### Exercise description
Every line of the data should be written out exactly, with the pictures left out.
(Beginning of Given information)
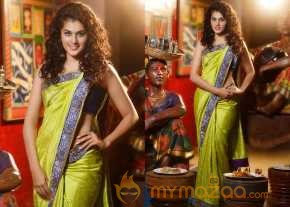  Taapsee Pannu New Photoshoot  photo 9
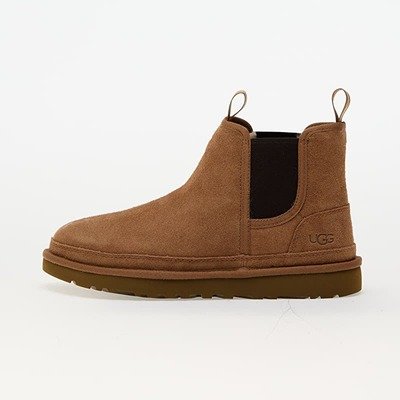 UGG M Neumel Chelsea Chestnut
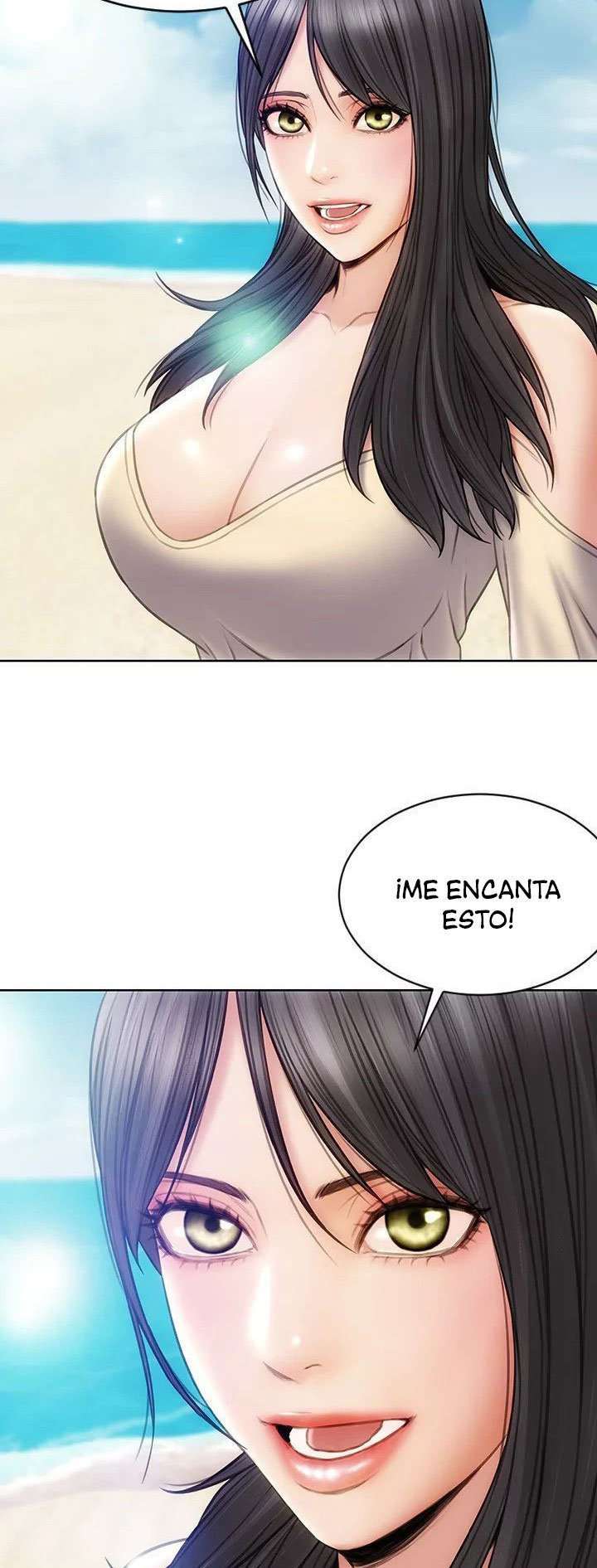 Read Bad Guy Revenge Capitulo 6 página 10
(End of Given information)
### Output for this task
  Taapsee Pannu New Photoshoot  photo 9
 UGG M Neumel Chelsea Chestnut
 Read Bad Guy Revenge Capitulo 6 página 10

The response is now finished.